There was an embarassment of riches this week at the Mostly Mozart Festival, which kicked off Monday with the return of the Emerson String Quartet, who played Dvorak's "American" Quartet, Barber's Adagio, and Schubert's "Trout" Quintet (with Joyce Yang, piano, and Timothy Cobb, bass) with their peerless power and precision. All throughout, the packed Alice Tully Hall was riveted by their seamless playing, honed over the past 35 years. At the end of this season, cellist David Finckel—who joined in 1979—will be replaced by Paul Watkins; time will only tell if the group can keep its dynamic intact.

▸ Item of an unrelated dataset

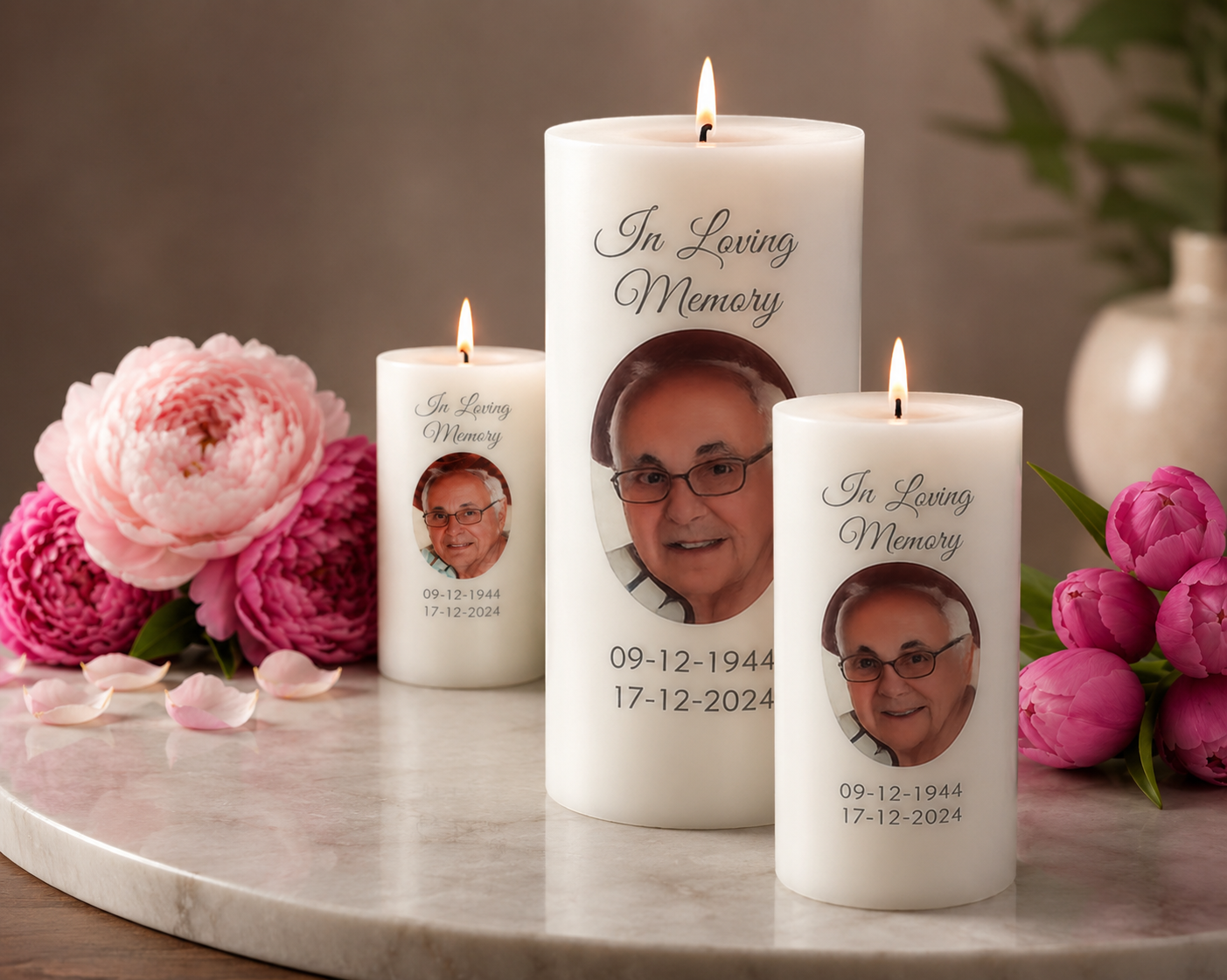 Professional memorial candle arrangement with pink flowers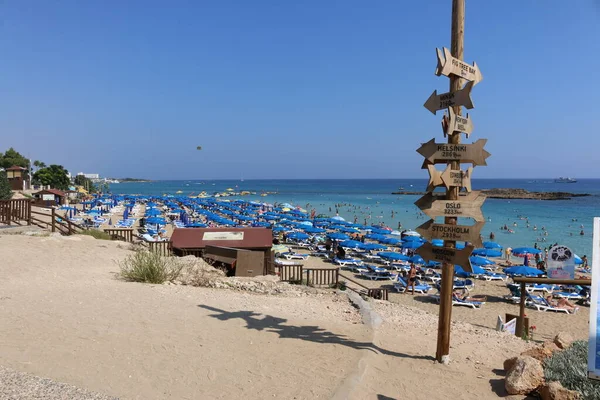 Wooden signpost with distance markers on the beach of Fig tree bay in Protaras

I saw the Mostly Mozart Festival Orchestra twice this week, under two different conductors that produced two very different outcomes. On Tuesday, the orchestra sounded fine playing Beethoven's Third Piano Concerto, thanks largely to Rudolf Buchbinder's (making his Mostly Mozart debut) effortless mastery. (Buchbinder warmed up with Beethoven's "Appasionata" Sonata in a pre-concert recital.) But, the MMFO sounded lost in Schubert's "Great" Ninth/Eighth Symphony, with the horns missing all over the place and the winds sounding shaky at best. I'm sure Osmo Vänskä, who is usually an excellent conductor, could have used more time to rehearse, but it was a far cry from when I heard Riccardo Muti conduct it with the Vienna Phil in the Musikverein. Bottom line: If you're not going to do something as majestic and triumphant as this symphony right—and with the right number of forces—don't do it at all.

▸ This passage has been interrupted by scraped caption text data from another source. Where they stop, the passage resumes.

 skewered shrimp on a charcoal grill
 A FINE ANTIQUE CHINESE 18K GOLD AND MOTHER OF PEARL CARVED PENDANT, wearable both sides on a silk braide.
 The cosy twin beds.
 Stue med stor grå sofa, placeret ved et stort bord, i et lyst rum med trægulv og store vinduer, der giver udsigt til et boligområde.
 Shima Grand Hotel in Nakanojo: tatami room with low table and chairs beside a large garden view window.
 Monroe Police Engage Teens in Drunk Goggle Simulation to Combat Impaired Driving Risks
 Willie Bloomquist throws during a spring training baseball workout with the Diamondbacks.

Fortunately, the MMFO sounded far better last night with their Music Director, Louis Langrée, on the podium, leading with confidence and flair (and without a score.) Langrée, who is celebrating his tenth season as Mostly Mozart's Music Director, started off with a novelty: Mozart's First Symphony, written when he was eight years old. For a near-toddler, it was pretty mindblowing: I could swear I heard bits of Giovanni and Figaro throughout. That was followed by Schubert's "Tragic" Fourth Symphony, which went right everywhere the "Great" went wrong: the strings carried the dark, brooding texture, the brass crisp and clear.
But the reason Avery Fisher was packed to the top balconies last night was the star on the second half of the program: namely, Joshua Bell, playing Brahms' Violin Concerto. A big, meaty concerto clocking in at over 40 minutes, the Brahms might be the most challenging of all the major violin concertos: a seamless blend of orchestra and violin, with each playing off of the other. Bell, one of the few irrefutable stars of classical music, dispatched it flawlessly, of course, but also with the mesmerizing flair for which he's become famous. Langrée and the MMFO held up their end of the bargain, matching Bell's speed and energy with power and precision.
Before the performance, I had the temerity to question Bell's star quality to my friend Shannon, herself an amateur violinist. "Have you ever tried to play a note on a violin?" she asked me. (I haven't.) "When most people try it, it comes out sounding like a wretching seagull. To make it sound like he does is just a friggin' miracle. And, no, it doesn't help that he plays a Strad: that would just make it louder." Case closed.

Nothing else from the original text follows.